- Material for this exercise -
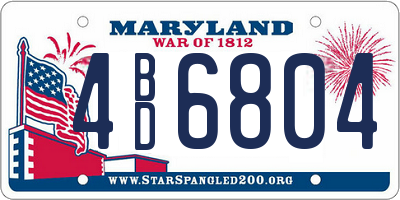 MD license plate 4BD6804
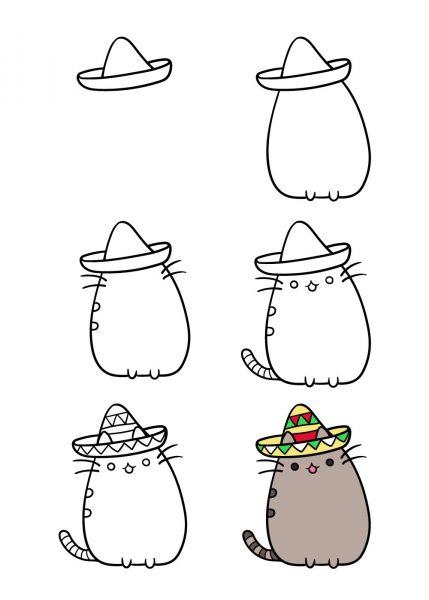 Làm thế nào để vẽ một con mèo đội mũ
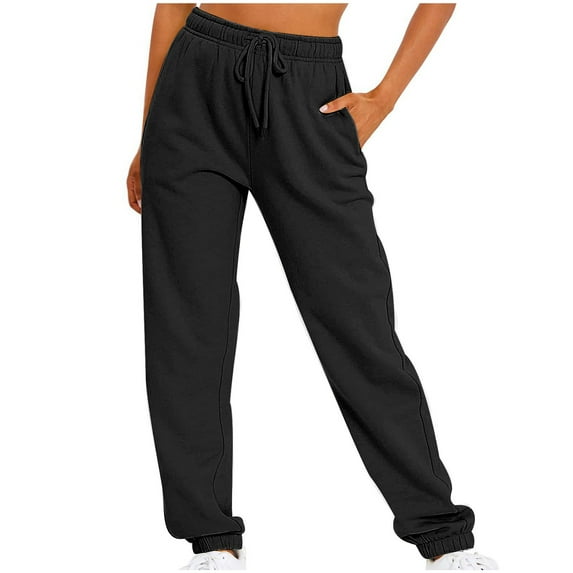 LYXSSBYX Sweatpants Women Women's Fashion Drawstring Elastic Waist Loose Pockets Fallow Sweatpants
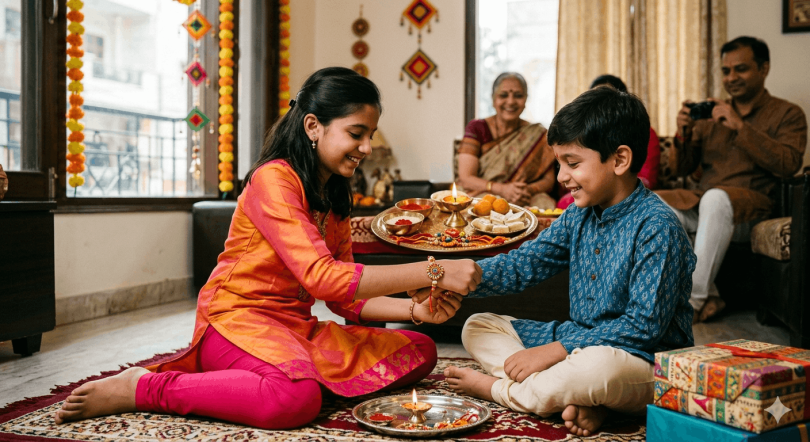 A sister tying a traditional Rakhi on her brother's wrist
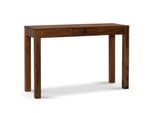 Schreibtisch Kompakt 118x40x76cm Sheesham Massivholz Dunkelbraun Platzsparend mit Schublade Handgefertigt & Modern Büro Kadima Design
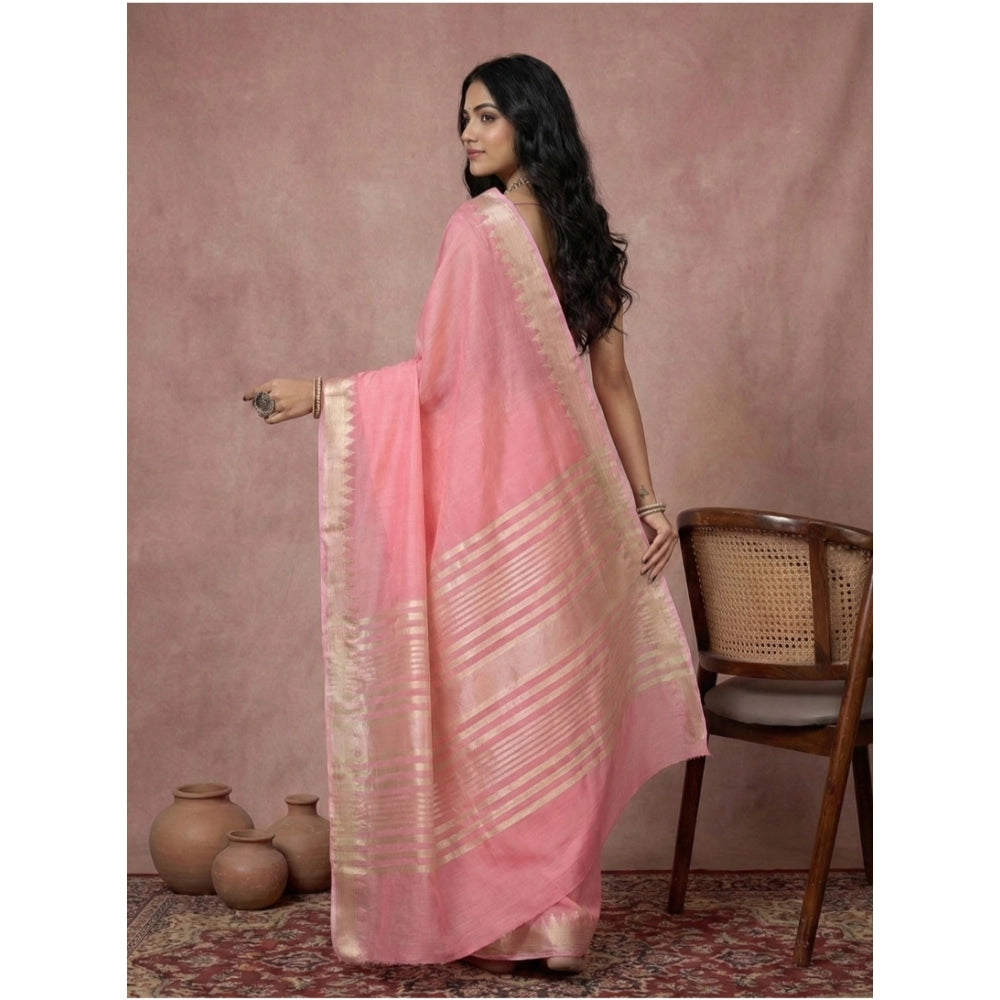 Women's Cotton Printed Saree With Unstitched Blouse 5.5Mtr (Coral Pink)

- Directions -
An exact copy of the records above is required, leaving out the pictures.

- Exercise answer -
 MD license plate 4BD6804
 Làm thế nào để vẽ một con mèo đội mũ
 LYXSSBYX Sweatpants Women Women's Fashion Drawstring Elastic Waist Loose Pockets Fallow Sweatpants
 A sister tying a traditional Rakhi on her brother's wrist
 Schreibtisch Kompakt 118x40x76cm Sheesham Massivholz Dunkelbraun Platzsparend mit Schublade Handgefertigt & Modern Büro Kadima Design
 Women's Cotton Printed Saree With Unstitched Blouse 5.5Mtr (Coral Pink)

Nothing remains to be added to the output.